Quickstart into production¤

Info

This guide assumes you're already familiar with scaLAPACK and are looking to use the C wrappers provided by scaLAPACKe. If you're new to scaLAPACK, please check out the tutorial instead.

Currently, scaLAPACKe offers both a low-level and a middle-level interface to scaLAPACK, PBLAS, and BLACS. The main difference between the two is that the middle-level interface uses pass-by-value for arguments.

List of routines available in scaLAPACKe¤

Providing a complete list of routines here would be redundant.
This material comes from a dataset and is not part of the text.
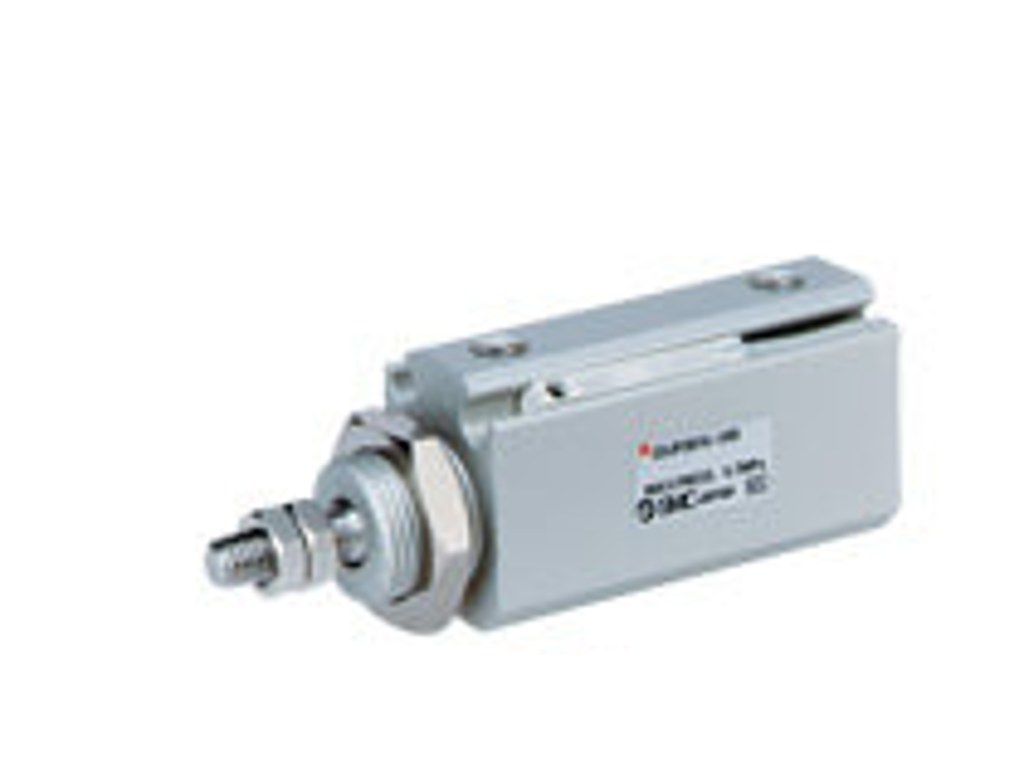 SMC CDJP2B16-5D luftcylinder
By design, scaLAPACKe mirrors the reference implementations of the various components of scaLAPACK, meaning it shares the same set of routines.
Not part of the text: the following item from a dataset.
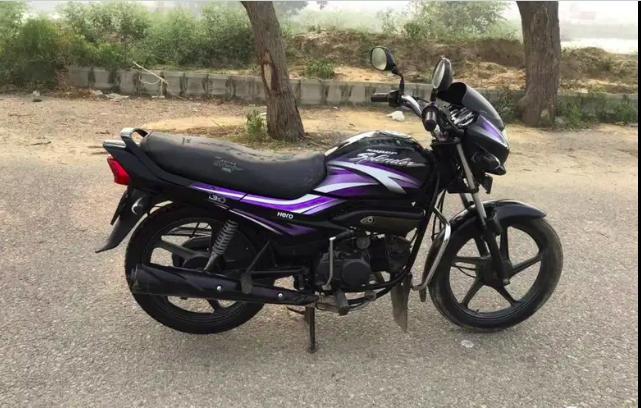 TVS Apache RTR 160cc 2011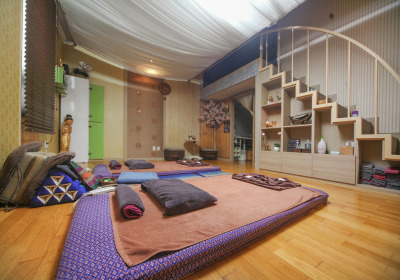 힐링하우스 (신부) 매장 사진 4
For quick reference, you can find the relevant lists here:

If you notice that a routine is missing, feel free to open an issue. 😊

Common Features and Caveats for Both Interfaces¤

Variables of Fortran type INTEGER and LOGICAL are converted to lapack_int in scaLAPACKe. This conversion supports the use of 64-bit integers (see ILP64 programming model).
Following LAPACKe, variables of Fortran type COMPLEX and COMPLEX*16 are converted to lapack_complex_float* and lapack_complex_double*, respectively. It is assumed throughout that the real and imaginary components are stored contiguously in memory, with the real component first. The lapack_complex_float and lapack_complex_double macros can be either C99 _Complex types, a C struct defined type, or a custom complex type.
Arrays are passed as pointers, not as pointers to pointers. They should be stored in Fortran style, i.e., column-major order: for an MxN matrix (where M is the number of rows and N is the number of columns), A(i,j) is accessed as A[i + j * LDA], where LDA is the leading dimension of A (typically the number of rows, M).
Similarly, strings are passed as pointers, not as pointers to pointers. Generally, only the first character of the string is significant.
When an argument (or return value) refers to a row or column number, 1-based indexing is used (i.e., 1 <= i <= N rather than 0 <= i < N).

Warning

Currently, scaLAPACKe does not provide a mechanism to switch from row-major to column-major storage, unlike LAPACKe. Implementing this would incur significant overhead due to the need to redistribute data across all processes. Therefore, it is recommended to use column-major arrays when working with scaLAPACKe functions.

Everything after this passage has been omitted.